YOUR ASSIGNMENT: The answer must be an exact copy of the lines from the one with "Gramatky-Framed Giclee Print" to the last line of the entries below, both included, and must contain no pictures.

Recorded data:
● ● ● ●

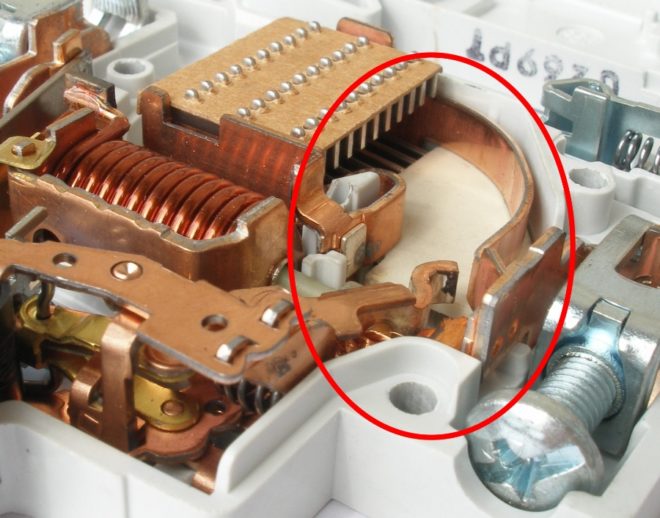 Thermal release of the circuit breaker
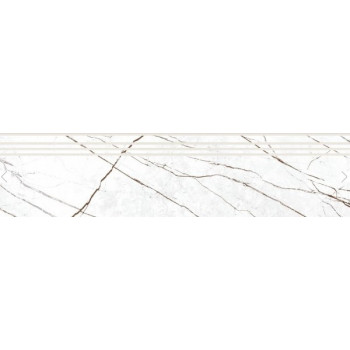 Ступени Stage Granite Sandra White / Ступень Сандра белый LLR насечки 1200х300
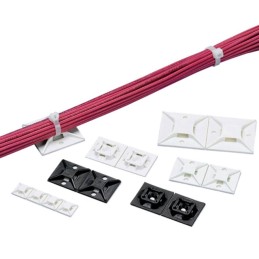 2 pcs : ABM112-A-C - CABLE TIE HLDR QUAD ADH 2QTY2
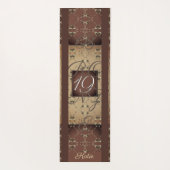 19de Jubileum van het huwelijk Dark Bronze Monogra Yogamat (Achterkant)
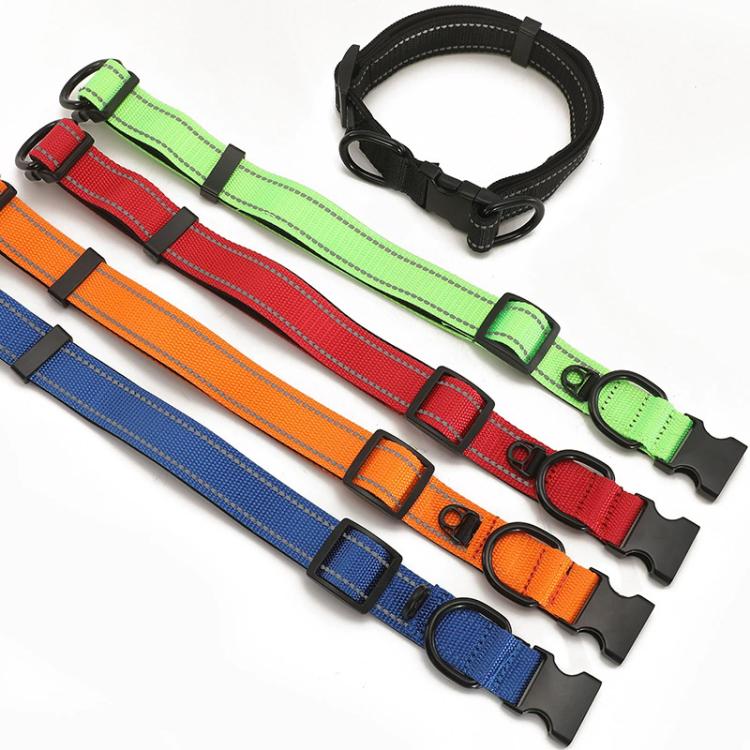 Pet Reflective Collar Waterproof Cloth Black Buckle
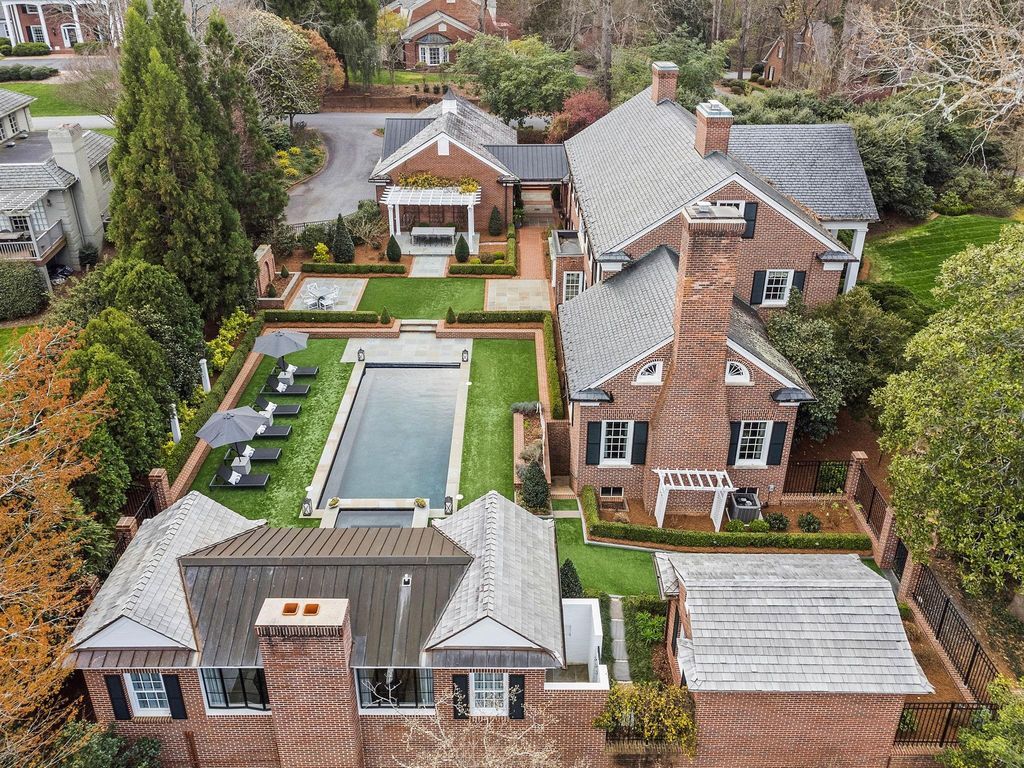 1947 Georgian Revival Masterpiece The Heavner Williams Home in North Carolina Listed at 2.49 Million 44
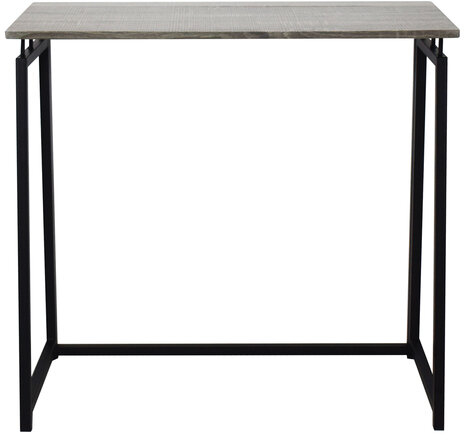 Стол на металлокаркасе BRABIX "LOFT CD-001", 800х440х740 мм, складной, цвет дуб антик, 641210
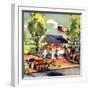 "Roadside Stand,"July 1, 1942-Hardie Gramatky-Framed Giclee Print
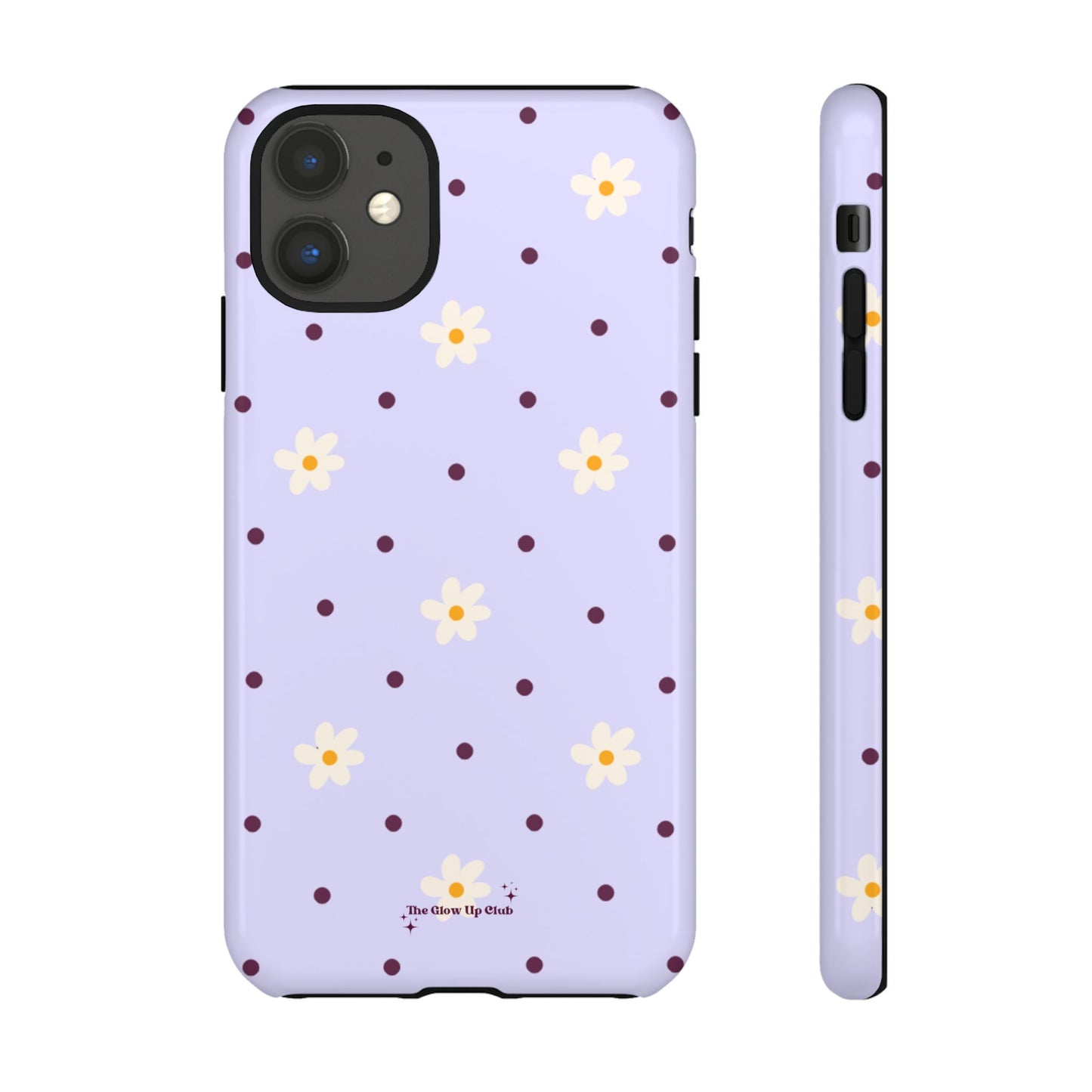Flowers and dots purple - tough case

● ● ● ●

EXERCISE OUTPUT:
 "Roadside Stand,"July 1, 1942-Hardie Gramatky-Framed Giclee Print
Flowers and dots purple - tough case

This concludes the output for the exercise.